KubeNodeSmith

KubeNodeSmith is a Kubernetes autoscaler built with Kubebuilder. It watches for unschedulable pods, provisions new worker nodes from infrastructure providers (Proxmox, Redfish, etc.), and deprovisions them when idle. Built on controller-runtime, it provides declarative node lifecycle management through custom resources.

🛠️ Active development.
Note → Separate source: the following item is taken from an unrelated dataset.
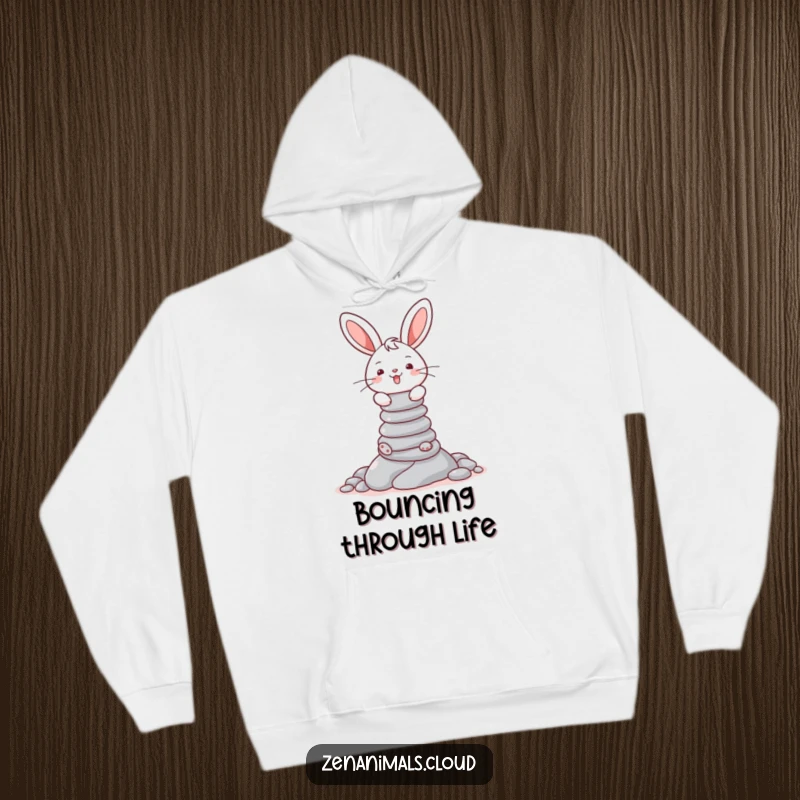 Funny hoodie with a cheerful bunny focused on balancing a tall stack of pebbles, radiating concentration.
Architecture follows industry patterns similar to Karpenter's NodeClaim model.

Architecture

KubeNodeSmith uses four custom resources to manage autoscaling:

NodeSmithControlPlane – Top-level controller config that references which pools to manage
NodeSmithPool – Defines node pools with min/max limits, machine templates, and scale policies
NodeSmithProvider – Infrastructure provider configuration (Proxmox credentials, VM settings, etc.)
NodeSmithClaim – Individual node requests with lifecycle tracking (Launched → Registered → Initialized → Ready)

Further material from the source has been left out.